さらに驚くことに、本書は現実と物語世界がリンクしており、イスタンブールのチュクルジマ地区に実在する無垢の博物館を訪れることもできるのである。え?実在する?そうなの?知らなかったー!!で、調べてみたら、ほんとにあんの!Googleマップでトルコのイスタンブールを見にいくと、すぐ見つかるんだもの驚いたー。

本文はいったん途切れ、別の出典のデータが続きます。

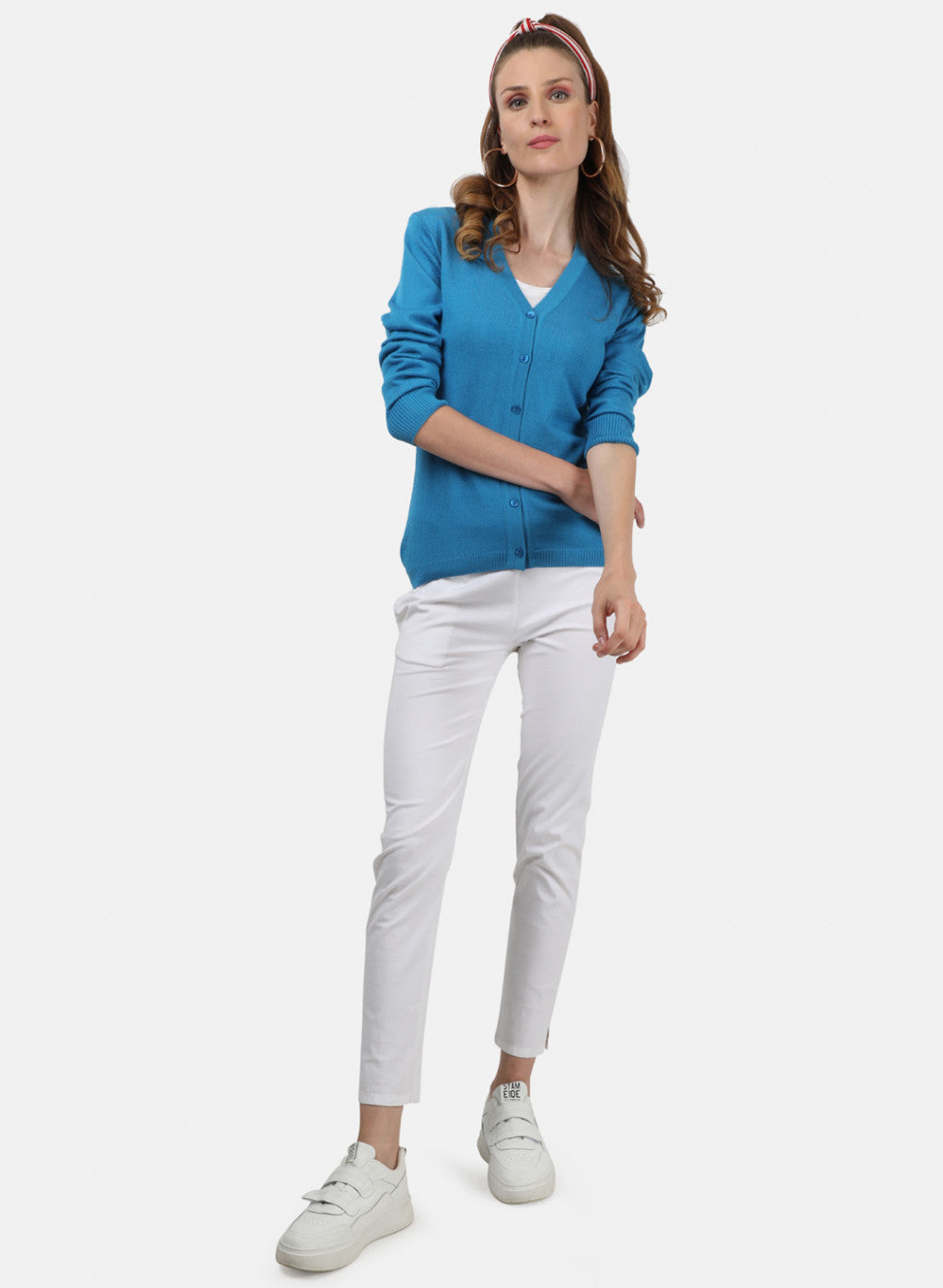 Women Blue Solid Cardigan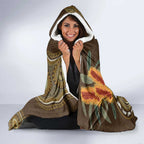 Australian Yellow Banksia Flowers Hooded Blanket Aboriginal Dot Art
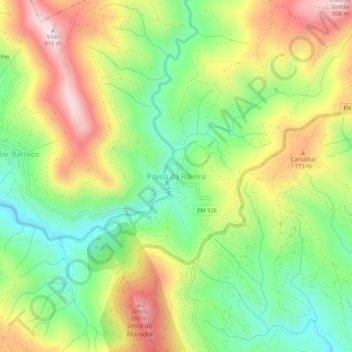 Carte topographique Póvoa da Ribeira, altitude, relief
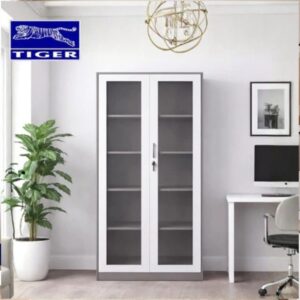 TIGER ALMARI FC-1801 PINTU AYUN (FULL HEIGHT) 2 PINTU KACA BROWN WHITE 7811S+0014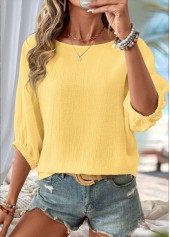 Light Yellow 3/4 Sleeve Round Neck Blouse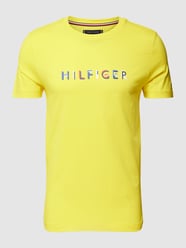 T-shirt met labelprint van Tommy Hilfiger Geel - 9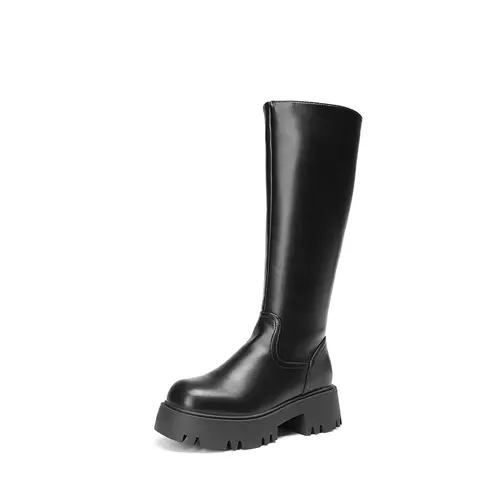 Dream Pairs Women's Platform Lug Sole Knee High Boots, Comfortable Chunky Heel PU Boots with 1.18" Platform and Easy Zip On for Party, Boot Heels, Footwear,shoes for back to school,back to school shoes,sohochic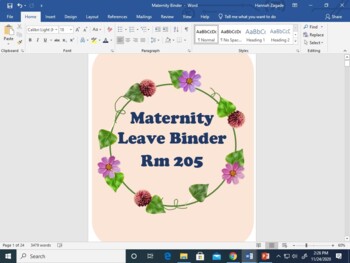 Preview of Maternity Leave Binder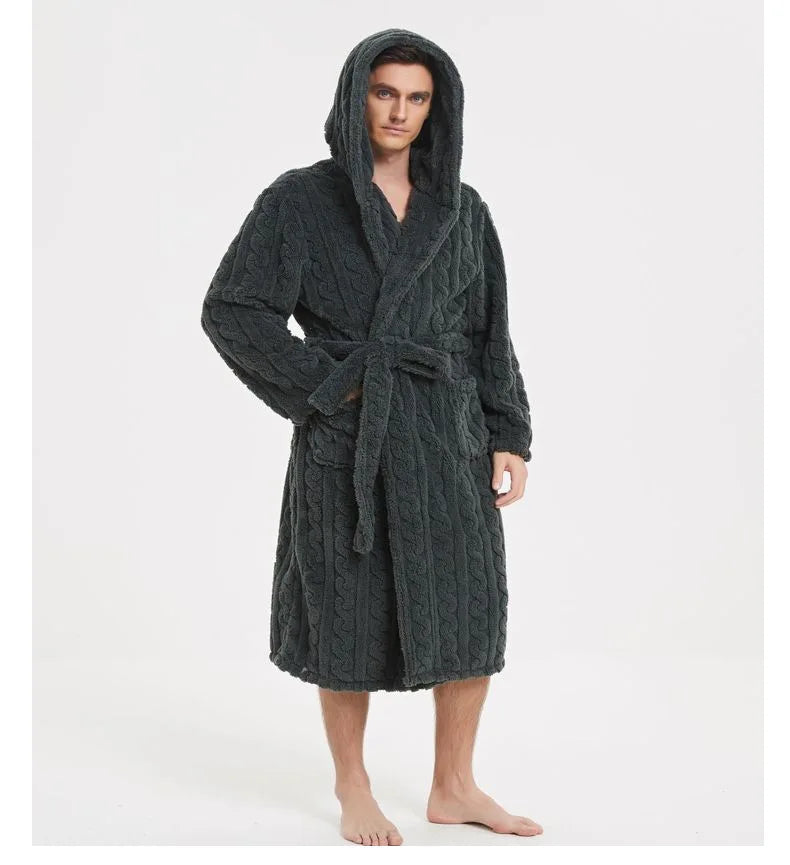 Warm Sleepwear Thicken Jacquard Flannel Men Robe Plush Coral Fleece Hooded Bathrobe Gown Winter Lounge Wear Home Wear Nightwear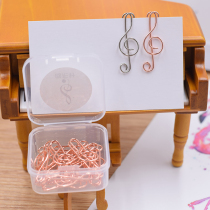 Plated metal note paper clip music stationery treble clef bookmarks box mini note bookmark gift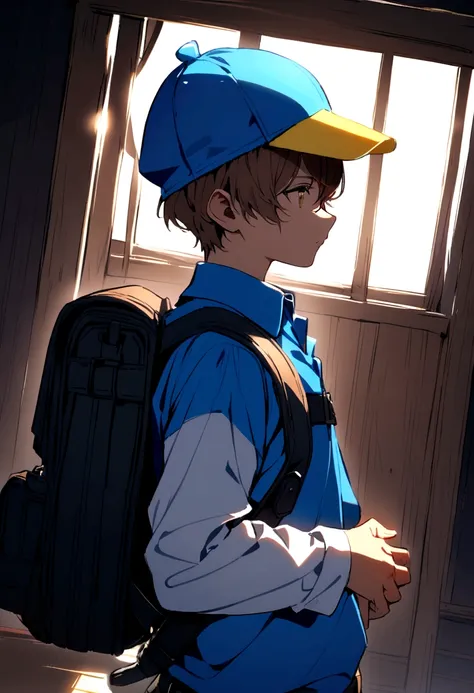 Brown haired boy, blue polo shirt, white sleeves, blue and yellow cap. black backpack, black belt.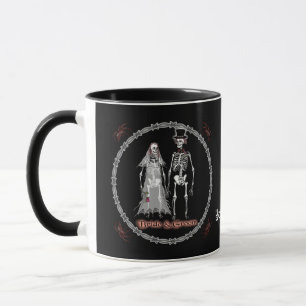 Tasse de mariage de squelette gothique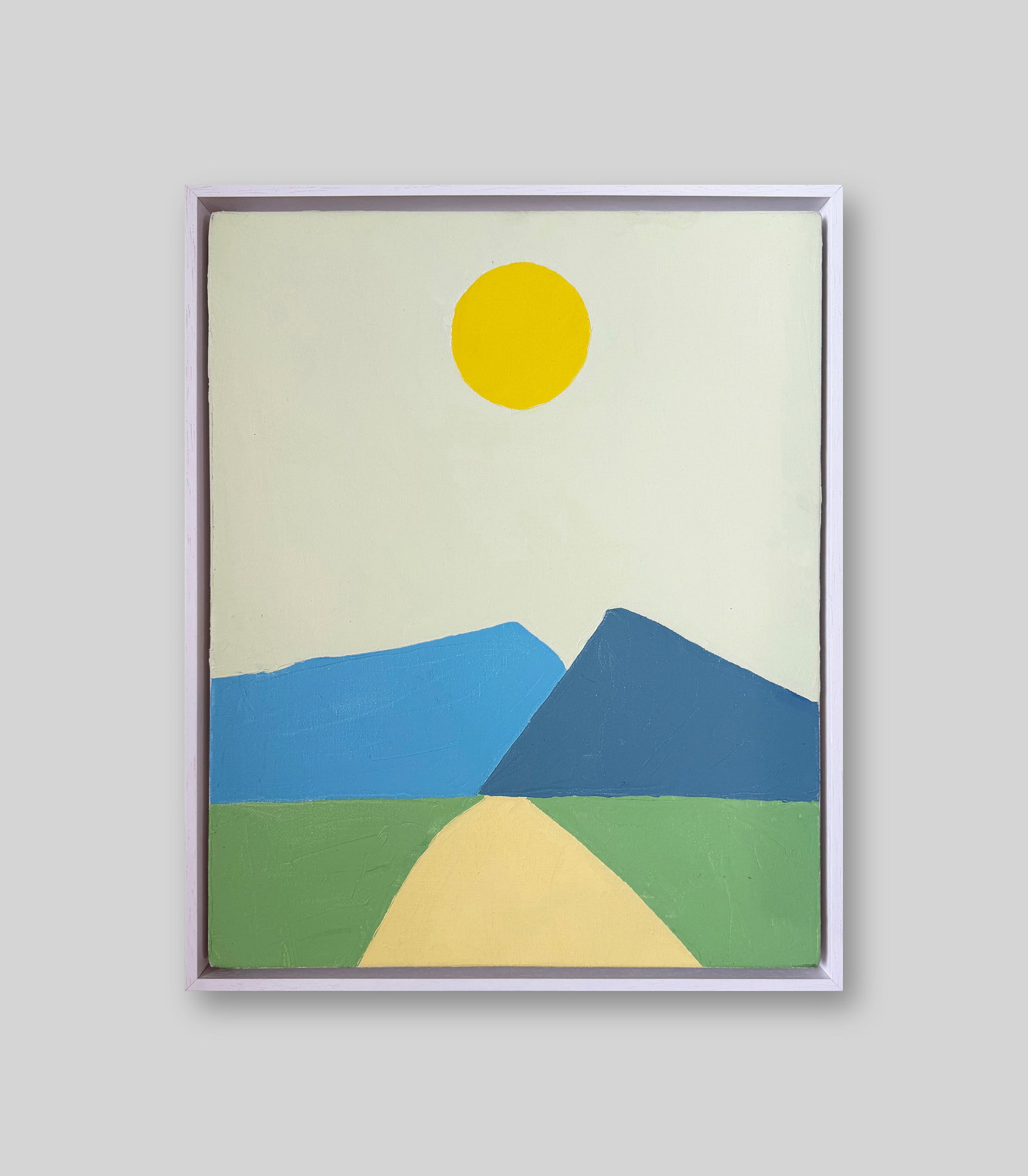 ETEL ADNAN (1925-2021), ATTRIBUTED TO, OIL ON CANVAS: Image Size: 16 by 13 inches (41 by 33cm) All measurements are approximate.Framed dimensions: 17 1/8 by 14 in (43.5 by 35.5cm) Signed (reverse)Etel Adnan (1925-2021), a Lebanese-American artist and poe
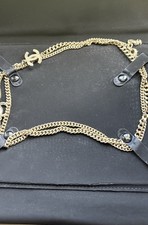 CHANEL Pearl CC Chain Necklace Long Length Gold Plated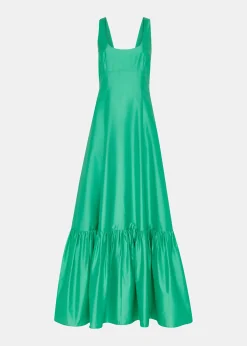 Green Taffeta Silk Blend Maxi Dress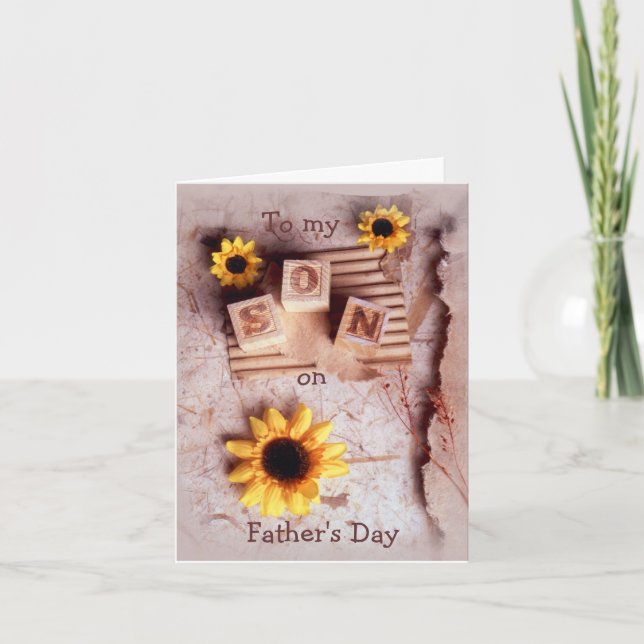 Cartão Filho ao meu, sobre, dia dos pais (Frente)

それはさておき、上巻でなんか引くわーという感想しか得られなかったのだが、こうしてすべて読了したいまもそれは変わらない。一切共感が得られなかった。ていうか、なにしてんの?という疑問符が終始つきまとっていた。決して、傑作純愛小説とは思わないし、ケマルだけではなくトルコの男性一般もなんだかなーって感じだし、長い物語でもあり、なんとなく親しみはあるんだけど本質の部分では受け入れられなかった。しばらく、この人の本は読むこともないかなと思うのである。
こんな感想、ぼくだけなんだろうか?文庫のオビのいとうせいこうも、金原ひとみも言っていることまったく理解できないんだけど。無垢?破綻じゃないのか?これは『破綻の博物館』じゃないのか?